Mi intérprete le preguntó si tenía planes para ver el partido.

"¿Hay un partido?", preguntó. "¿Quién juega?"


EN EL APARTAMENTO cerca del zoológico de la ciudad, nuestro anfitrión Iván les pide a todos que dejen de hablar.

"Muy bien, chicos", dijo. "El himno".

Todos se pusieron de pie. Dos hombres que fumaban afuera entraron al lugar. El equipo que estaba sobre la cancha en Escocia cantaba y los hombres presentes cantaron con ellos, a voz en cuello, sin timidez, con las manos puestas sobre sus corazones. No hay forma de saber cómo terminará esta guerra, o que le pasará a este férreo sentido de unidad del pueblo ucraniano. Sin embargo, en esta noche por toda la ciudad de Kiev, la gente se congregó en pequeños grupos para ver a su selección nacional intentar ganar.

Todos tenían que haber abandonado las calles antes del final del partido. Un bar local mostraba el partido, siempre y cuando los presentes hubiesen llevado una bolsa de dormir y no intentaran volver a casa antes de las 5 de la mañana. Solo llegaron cerca de 30 personas. Por ende, este partido no fue una masiva expresión pública, sino más bien una reiterada expresión en privado, que ocurría en pequeños grupos esparcidos por toda la ciudad. Los hombres presentes en el apartamento hablaban a mi alrededor sobre la guerra. Preguntaban qué pensaban los estadounidenses sobre ellos. Querían mostrarme fotos de sus hijos. Querían ver fotos de los míos. El soldado dijo que quería que el portaaviones Harry Truman atracara en la costa ucraniana. El audio de la transmisión televisiva se interrumpió, y ellos bromearon diciendo que Putin había hackeado la emisión.

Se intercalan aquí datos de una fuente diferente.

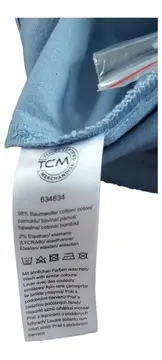 Vorschaubild 3 von TCM Damen Stoffhose Baggy 3/4 Hose Gr. 42 XL W33 Blau Baumwolle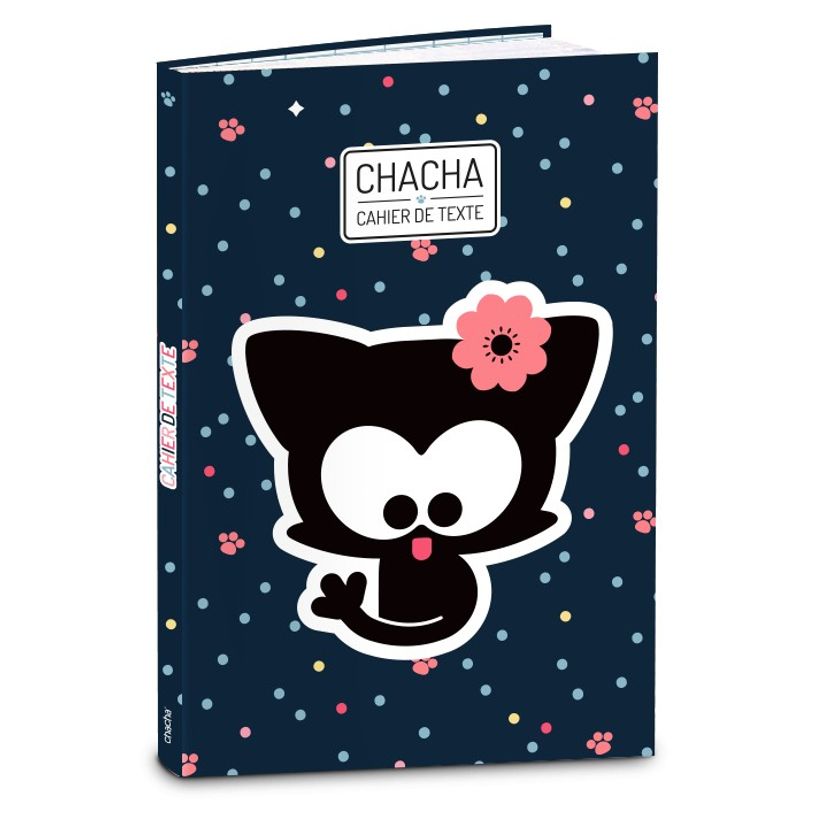 3661507616353-Cahier de textes Chacha - 15 x 21 cm - 2 modèles disponibles - Kid'Abord-P_405115190_1-0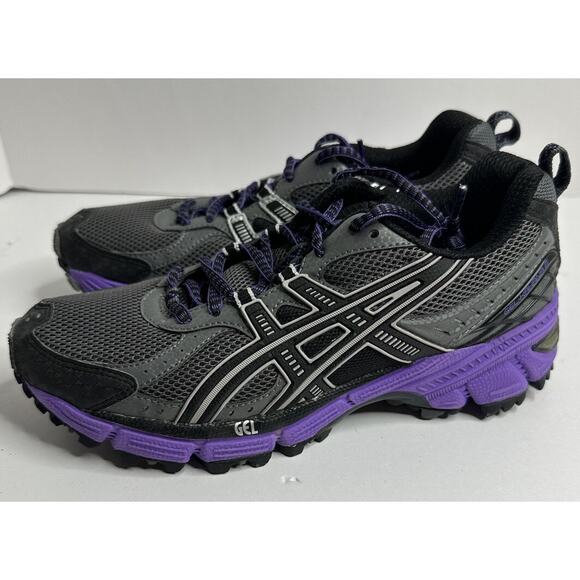 ASICS Gel Kahana 6 TITANIUM/BLACK/ELECTRIC PURPLE F911013 Size 7 With Box - Picture 1 of 9
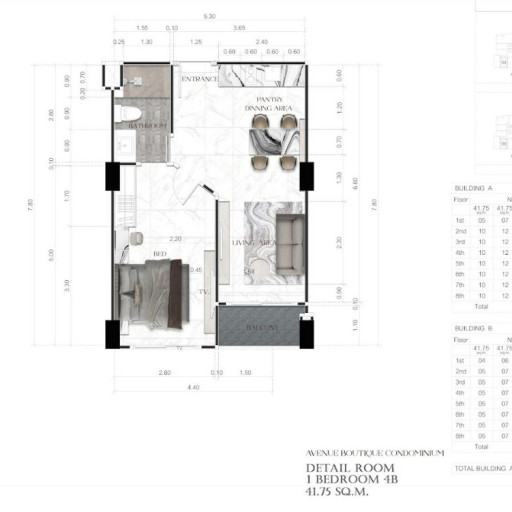 Avenue Boutique, 1 Bedroom - 41 m²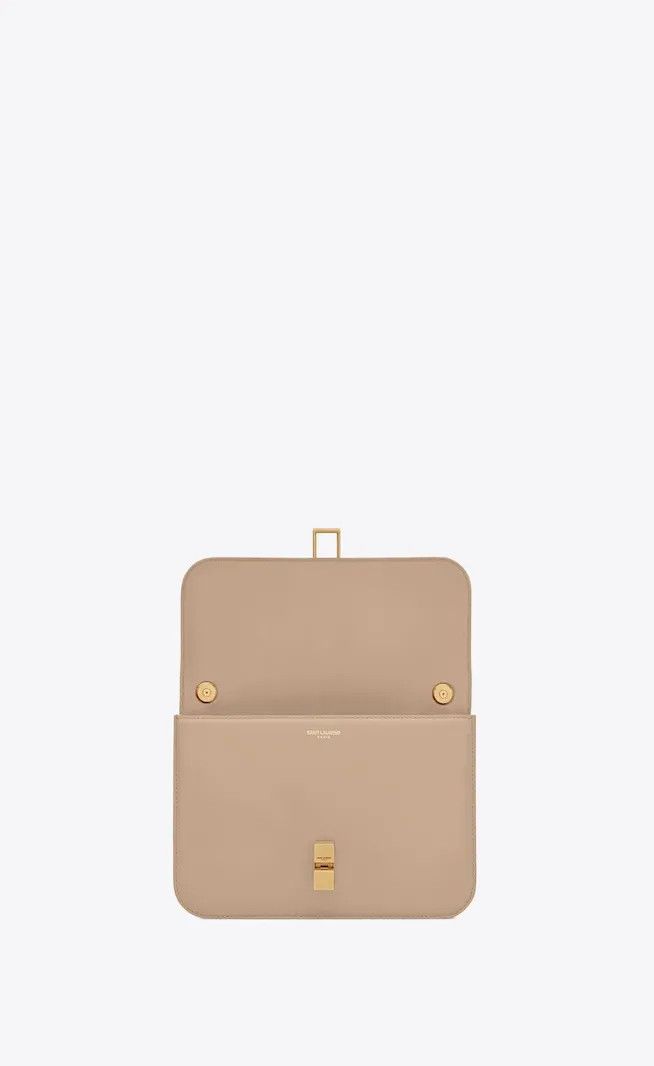 Saint Laurent Paris o1s1wg111024 Size : OS /Le Carre Satchel Leather Bag Beige Size ONE SIZE - 4 Thumbnail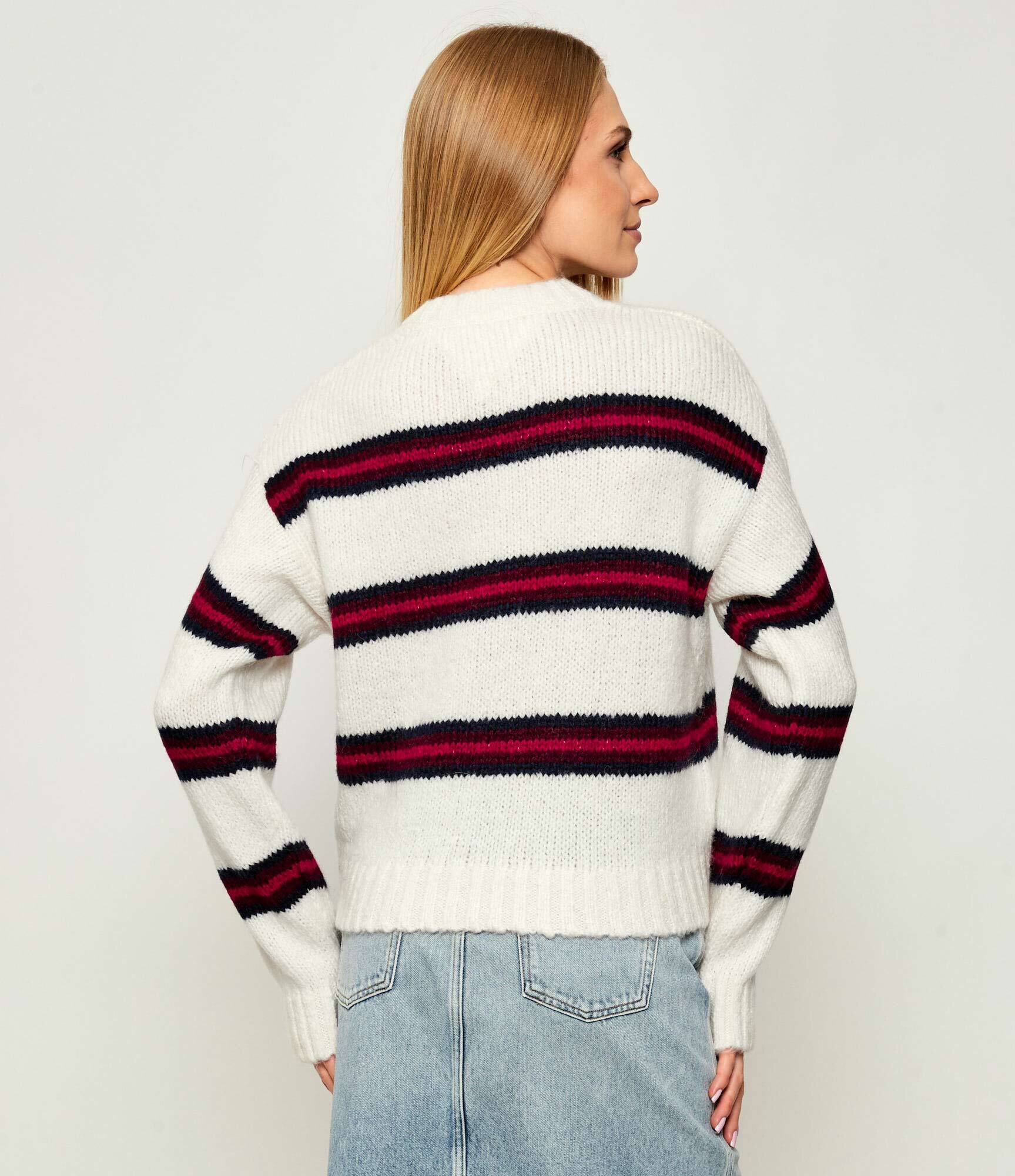 Tommy Jeans Pulover | Loose fit cu adaos de lână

En el minuto 33, Ucrania anotó y tomó ventaja 1-0. Entre los gritos, aplausos y choques de manos, por un momento no se habló de la guerra, ni el pasado ni el futuro.

Dejé el apartamento durante el descanso para volver al hotel antes del inicio del toque de queda. Solo quedaban pocas personas en las mesas del bar. No tenían puesto el partido. El hotel no había contratado el canal que lo emitía, me dijeron los empleados del establecimiento. Mi mandadera y escolta llegaron y sacaron unas sillas. Sonaba una música suave de saxofón en los altavoces del hotel. Todos escuchábamos el partido por radio, siguiendo mientras Ucrania volvía a marcar para aumentar su ventaja 2-0 y después cuando Escocia respondió para poner el marcador 2-1. Mi mandadera sacudía la cabeza frente al radio.

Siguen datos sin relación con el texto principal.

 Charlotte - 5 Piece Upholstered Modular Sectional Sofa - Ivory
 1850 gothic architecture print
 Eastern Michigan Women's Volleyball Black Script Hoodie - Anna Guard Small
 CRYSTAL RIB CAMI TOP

"Como los viejos tiempos", dijo entre risas. "¡Ésta es la II Guerra Mundial!"

Un hombre frente a nosotros encendió un cigarrillo. Algunos contratistas de seguridad pagaron su cuenta y se fueron. Los productores de las cadenas de noticias estadounidenses se movieron por la sala. Nos enteramos de que el misil que generó la sirena anterior aterrizó en el oeste de Ucrania, cerca de Lviv, hiriendo a dos personas.

Ucrania volvió a marcar en los últimos segundos y el partido terminó, dándoles la oportunidad de jugar este domingo contra la selección de Gales, para definir un cupo en el Mundial. Algunos aplaudieron en el bar y después, comenzaron a subir hacua sus respectivas habitaciones. Mi mandadera revisó su teléfono y sonrío. Denys, el hombre que visitamos en Bucha, que se veía tan gris y débil mientras nos contaba su historia, había decidido ver el encuentro después de todo.

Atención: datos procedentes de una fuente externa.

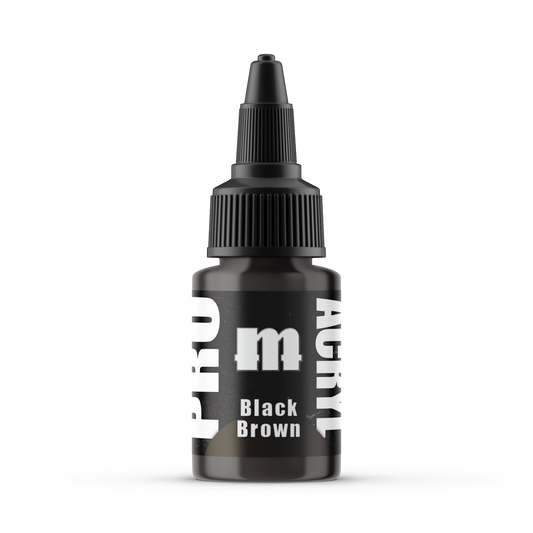 Monument Hobbies MPA-040 - Pro Acryl Black Brown (22ml)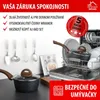 Sauteuse MagicHome Black Marble Line, avec couvercle en Voir les images du produit 7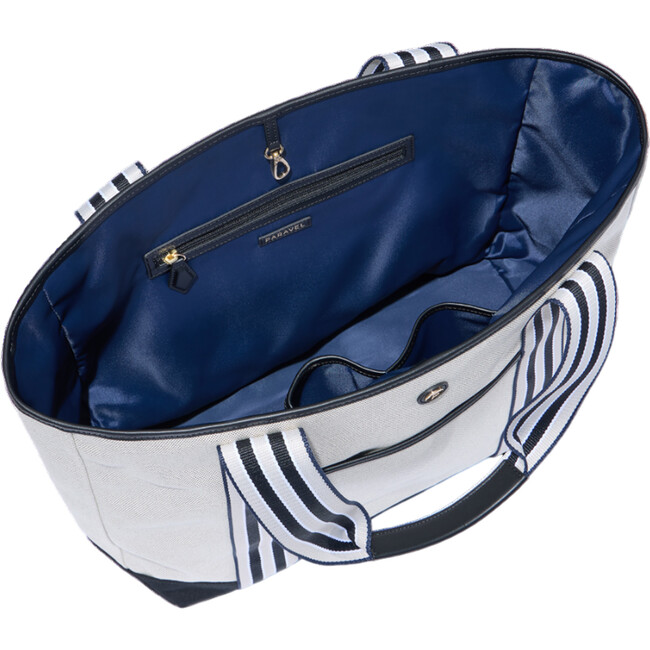 Monogrammable Cabana Tote, Domino - Bags - 4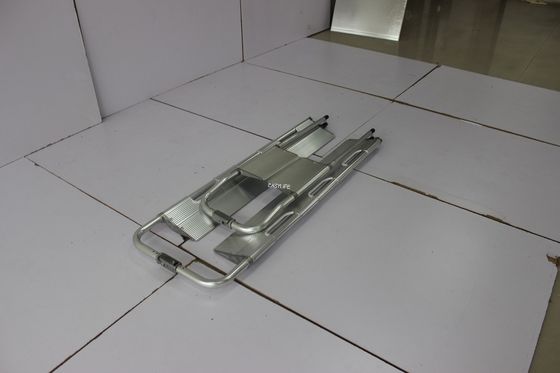 Aluminiumlegering Medisch het Vouwen het Vervoerwit 44cm 60cm van de Lepelbrancard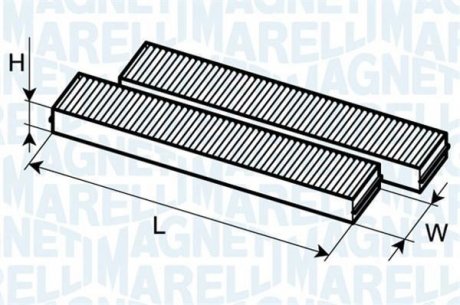 Фильтр воздуха (салона) MAGNETI MARELLI 350203062610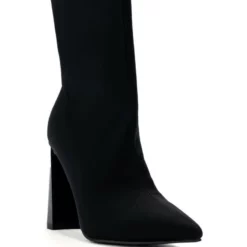 AZALEA WANG MOSCATO NEOPRENE BOOTIE IN BLACK -AZALEA WANG Shop azalea wang moscato neoprene bootie in black black 3 3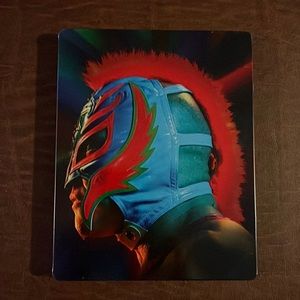 WWE 2K 22 metal game case featuring Rey Mysterio!!
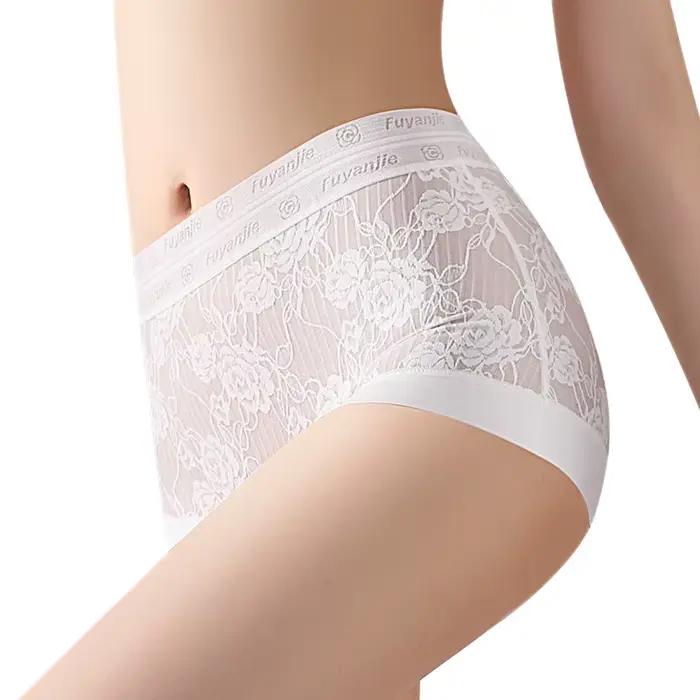 Dámske žakárové nohavičky, priedušné, sexy, mäkké, boxerky s vysokým pasom, pohodlné, ľahké, spodná bielizeň čipka, intímne spodná bielizeň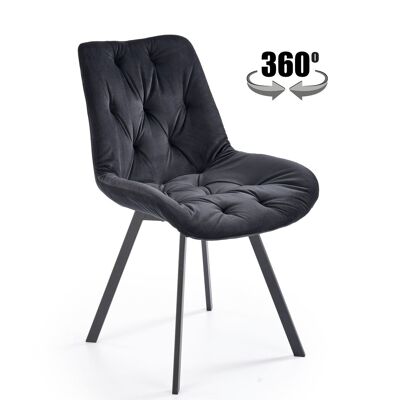 Erloy Dining Chair Green, Black, Gray - Black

Denys nos envió algunos videos que su amigo captó de su reunión para ver el partido. En uno de ellos, la cámara gira por todo el lugar hasta fijarse en el rostro de Denys, que esboza una tímida sonrisa y levanta el pulgar. Hace tres meses, se escondía en su gallinero y escuchaba cómo los soldados rusos saqueaban su casa. En la noche del miércoles, vio un partido de fútbol, como cualquier otra persona de cualquier otro país. Seguía firme. Su equipo seguía jugando.

Acabo de ver ese video otra vez, sentado en mi habitación de hotel, a punto de hacer maletas y salir de Kiev. Eran poco más de las 5 a.m. Abrí las persianas para ver que ya había amanecido, el cielo azul de la mañana tenía suaves nubes blancas, y los pájaros revoloteaban por una calle lateral que llevaba a la plaza.